Dante Rotating Case - This one is $30 but I like the look of it better


RooCase Duel-View Case - this one is velcro and not rotating per se but also $30


There are others, but these are the ones I keep looking at. I'm leaning towards the middle one but still being unsure.


----------



## Hoosiermama (Dec 28, 2009)

I like that! I have been trying to find a case, and hopefully Santa brings me one. If not, I'll definitely look into that one.


----------



## CegAbq (Mar 17, 2009)

I have the rooCase (in pink; was too impatient to wait for the Poetry in purple, which wasn't yet available when I bought my case) and I like it pretty well. It's quality is good & I like that I can remove the actual case from the stand part.
On thing about this case because the fire slides into a "sleeve" type arrangement is that the edges of the "frame" come up so close to the edge of the Fire screen, that it's slightly harder to touch those areas of the Fire that you need to get to for the menus (the top & bottom). It's not impossible nor even difficult; it just takes a bit more attention.
My boss has the Marware case that holds the fire just by the corners. It's really nice but does not have the ability to put the Fire into the portrait position to use as a stand.


----------



## teri (Sep 13, 2010)

I have the Roo and Poetic case. I like the Poetic better. I hate velcro in the Roo case and trying to align it back in the case after removing it is not easy. I dislike uneven sides so if it isn't perfect it really bothers me. That is my issue.  The touch screen area at the bottom is a problem for me with the case edge too close to the touch area. The Poetic case has a snap for holding the Fire in the case. It easily spins around to landscape. Also, the end where the power button is about 1/4 inch away from the screen which makes the touch area more accessible and responsive.

I also have the AYL case that I am currently using and like just as much if not more than the Poetic case. When I bought it I paid < $10 with shipping. Still a great deal at 15.99, IMO.


----------



## Ann in Arlington (Oct 27, 2008)

I've got the AYL teri mentions and I'm reasonably happy with it.  There's a little more case visible around the edges than the picture makes it seem like.  It is held to the case via super sticky silicone stuff that does seem to hold really well. It seems to be really good quality and I feel it does protect the device well.  The easel design is pretty elegant but you can't really go 360° without removing/replacing the Fire.

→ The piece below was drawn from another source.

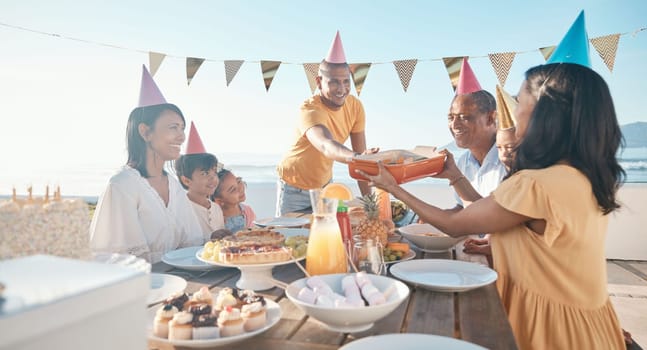 Birthday, parents and children with food by beach for event, celebration and party outdoors. Family, social gathering and mother, father with kids at picnic with cake, presents and eating together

I have had the roo type case for my Xoom. . .here's the thing. . . actually with all of the ones you linked to, Geoffrey . . . .they all require you to slip the fire into a slipcase sort of thing.  But I kinda like the look better with it not in a case -- the screen and black border completely visible.  What I'd REALLY like is something that holds it sort of like the stock Kindle cases hold the latest Kindle and Kindle Touch. That said, I'm not a fan of Velcro, which is utilized by the Roo, though it does allow you to remove the Fire pretty easily entirely.  Looks like that option is there with the Poetic as well, but not the Deft.  Though the Deft does seem to be rather neatly designed for rotation.

Then of course there's color choice. 

Bottom line, I'm not very helpful.   But they all do have decent reviews. . . . .


----------



## Kelvweb (Nov 18, 2011)

I have the Poetic case and really like it. It rotates on a snap vs. velcro.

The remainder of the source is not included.